**EXERCISE GOAL:** Leaving out any pictures, print the entries that follow exactly as they stand.

**DATA EXCERPTS:**
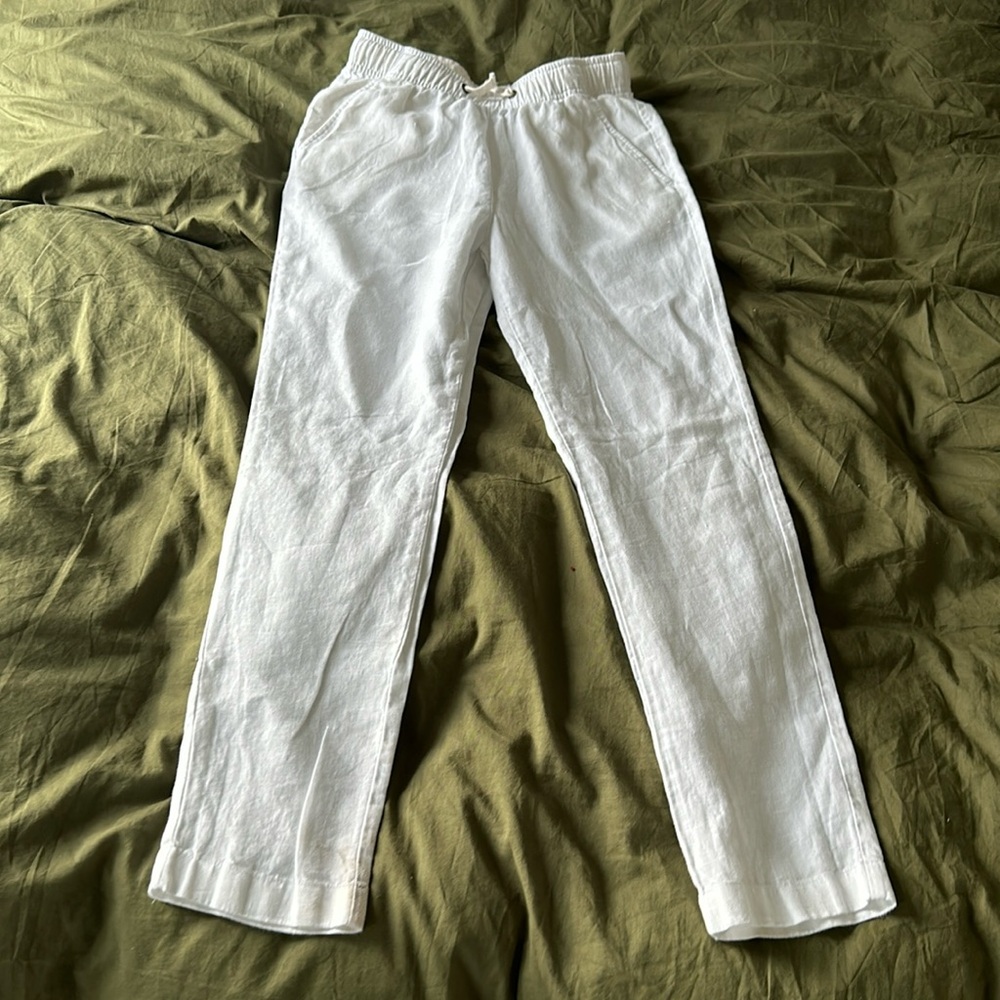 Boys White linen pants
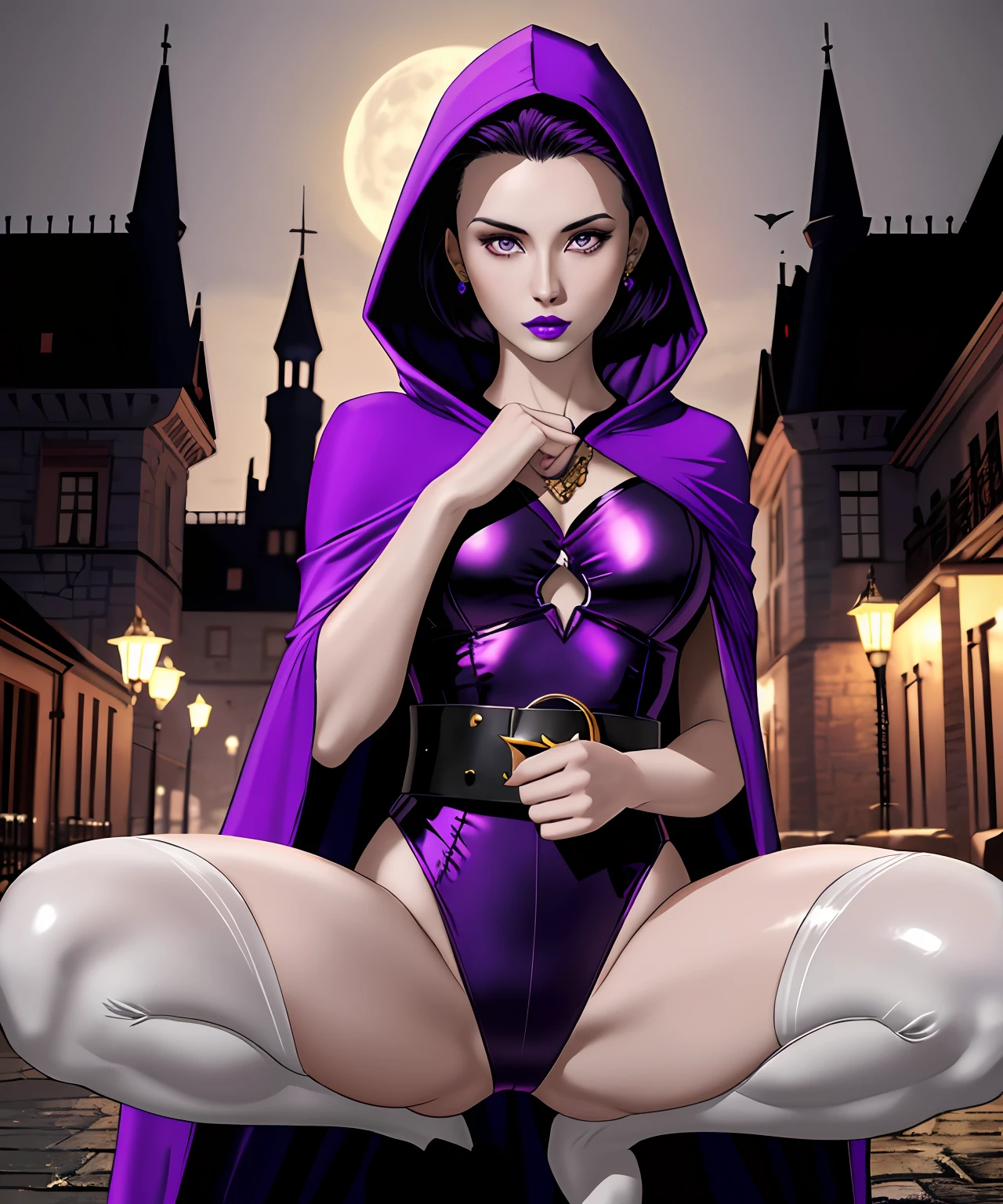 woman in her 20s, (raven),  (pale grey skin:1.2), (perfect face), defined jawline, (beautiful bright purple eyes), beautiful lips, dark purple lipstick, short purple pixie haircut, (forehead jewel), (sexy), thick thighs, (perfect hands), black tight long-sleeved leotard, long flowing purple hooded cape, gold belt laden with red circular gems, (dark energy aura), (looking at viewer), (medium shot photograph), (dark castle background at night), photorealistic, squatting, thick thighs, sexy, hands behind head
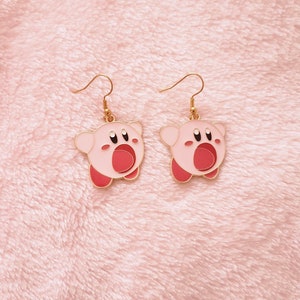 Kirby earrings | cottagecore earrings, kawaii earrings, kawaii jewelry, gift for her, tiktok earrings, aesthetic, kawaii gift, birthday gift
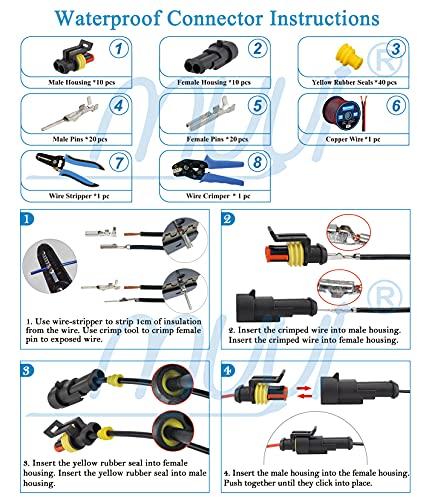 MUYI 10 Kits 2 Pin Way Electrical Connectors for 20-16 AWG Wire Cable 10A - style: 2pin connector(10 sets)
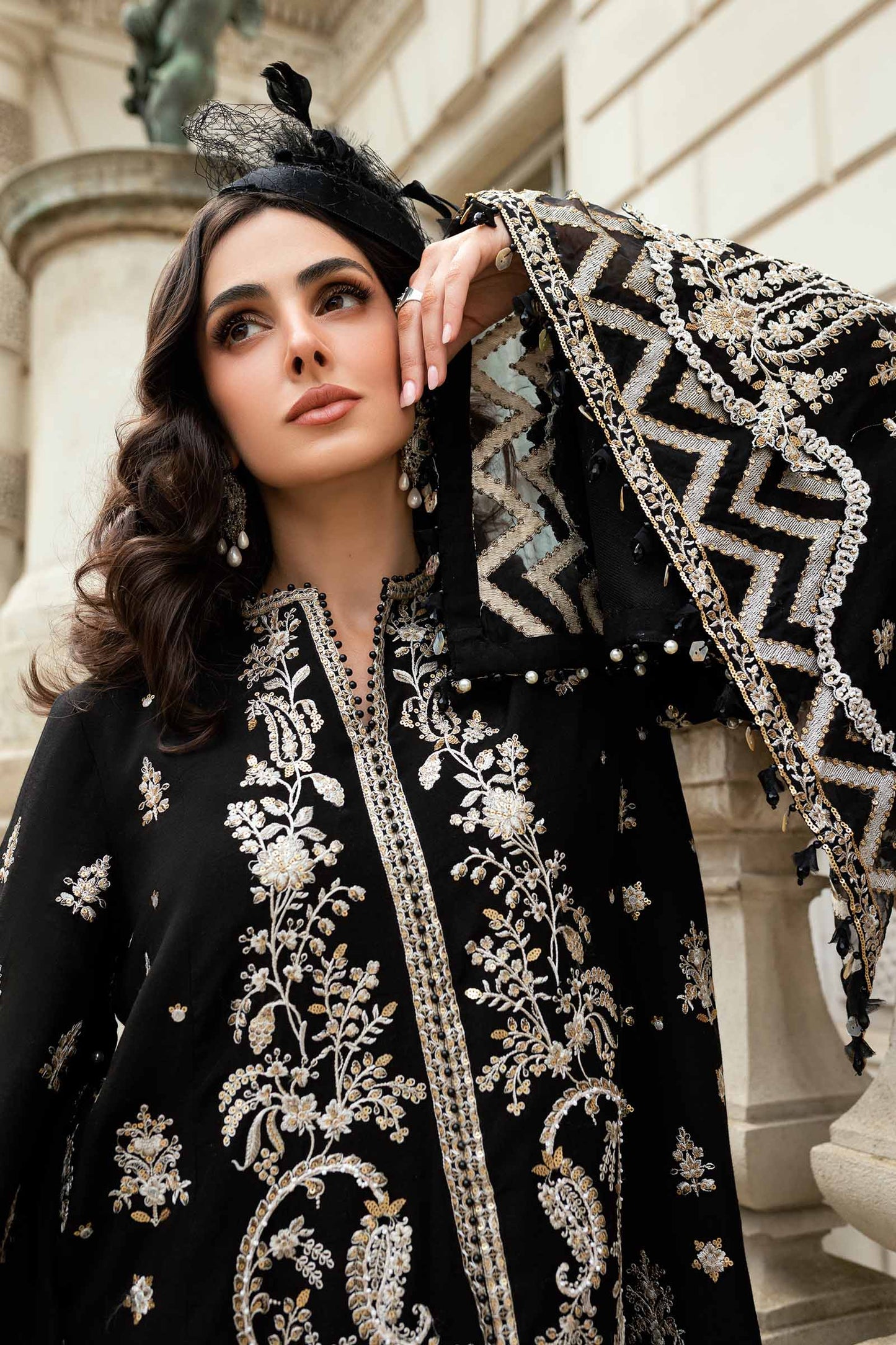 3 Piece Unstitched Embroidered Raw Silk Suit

**FINAL ANSWER:**
 Boys White linen pants
 woman in her 20s, (raven),  (pale grey skin:1.2), (perfect face), defined jawline, (beautiful bright purple eyes), beautiful lips, dark purple lipstick, short purple pixie haircut, (forehead jewel), (sexy), thick thighs, (perfect hands), black tight long-sleeved leotard, long flowing purple hooded cape, gold belt laden with red circular gems, (dark energy aura), (looking at viewer), (medium shot photograph), (dark castle background at night), photorealistic, squatting, thick thighs, sexy, hands behind head
 Kirby earrings | cottagecore earrings, kawaii earrings, kawaii jewelry, gift for her, tiktok earrings, aesthetic, kawaii gift, birthday gift
 MUYI 10 Kits 2 Pin Way Electrical Connectors for 20-16 AWG Wire Cable 10A - style: 2pin connector(10 sets)
 3 Piece Unstitched Embroidered Raw Silk Suit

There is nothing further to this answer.